Coixet opens the film with the recording of a hearing in which a Sudanese refugee recounts the harrowing story of her escape from the war-torn country. Her experiences could easily form the starting point of an altogether different film; however, Coixet’s focus eventually settles on Nat (Costa), whose job is to provide simultaneous interpretation for the testimony. It’s not difficult to understand why she needs a break after such a challenging assignment, but when she arrives at a derelict villa in a gloomy, isolated corner of northern Spain, her prospects don’t appear all that much brighter. The film takes a while to establish Nat’s strong personality and admirable determination while also providing an immersive portrayal of the strangely hostile countryside.
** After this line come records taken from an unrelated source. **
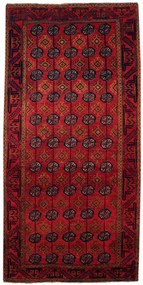 Beluch Tappeto persiano 110x240 (Iran)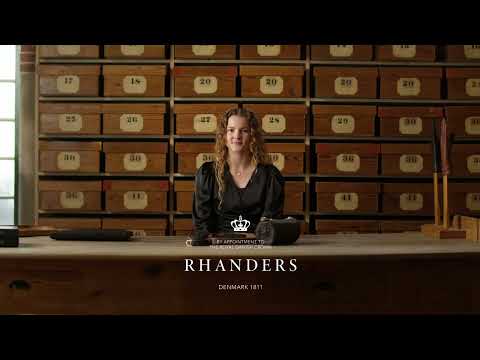 Our Iconic Styles: The Isabella Glove and Bag Collection | RHANDERS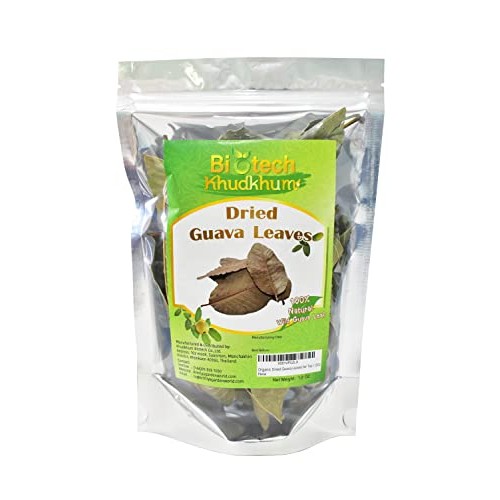 Wild Dried Guava Leaves for Tea 1.0Oz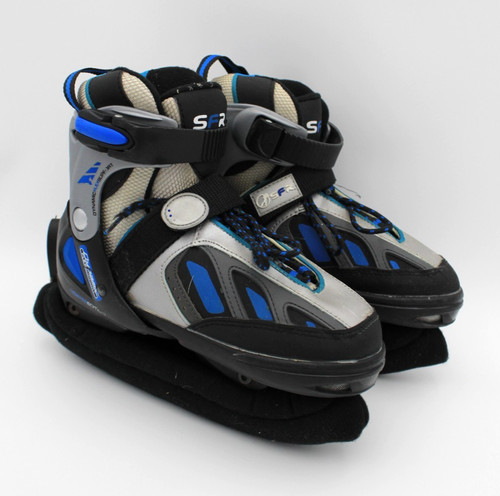 Sfr boys adjustable ice skates - boys,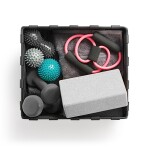 Úložný box Reisenthel Framebox L Frame Rhombus light grey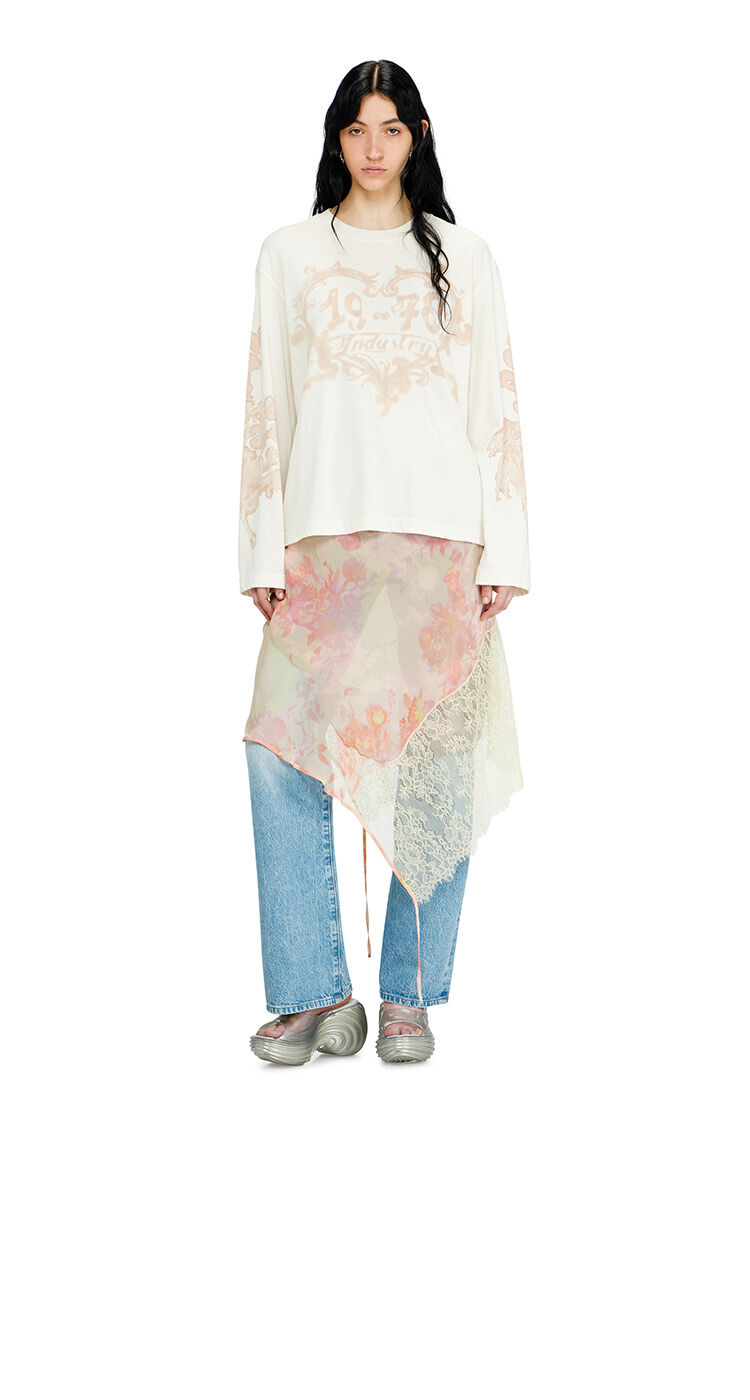 Platform mule in Melflex&reg;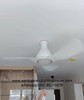 sample: White Airy 48in with Light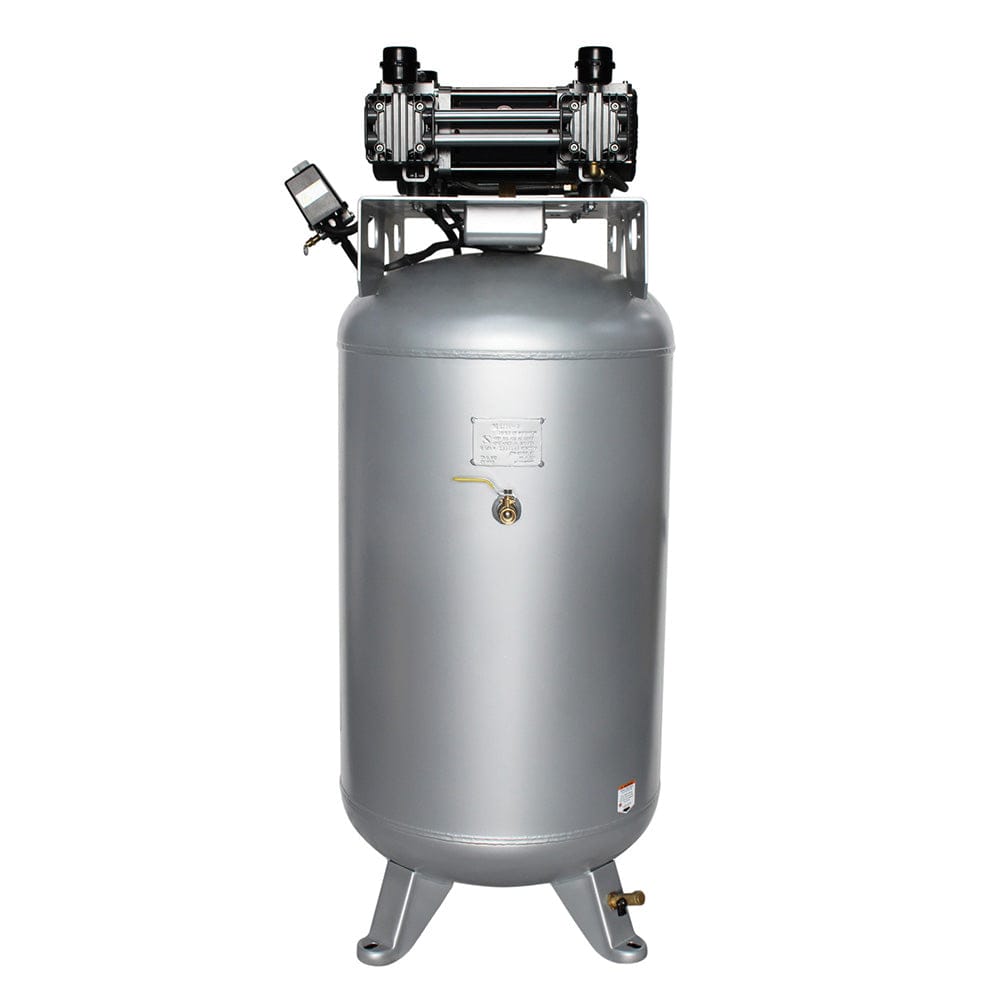 80060C 80 Gallon Air Compressor - 6.0 HP - 1 PH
When she is finally forced to interact with a few locals (including her dismissive landlord and an overweight handyman named Andreas) due to a massive leak in her roof, Coixet’s patience in carefully depicting the milieu pays off dividends. The patriarchal structure of this small community and the veiled misogyny of the men who claim to offer help quickly become apparent. If the muted color palette is effective in dismantling any romanticized image of a relaxing country getaway, the problematic behavior of the village men puts the final nail in the coffin; this is clearly not a simple tale of healing set in a welcoming rural paradise.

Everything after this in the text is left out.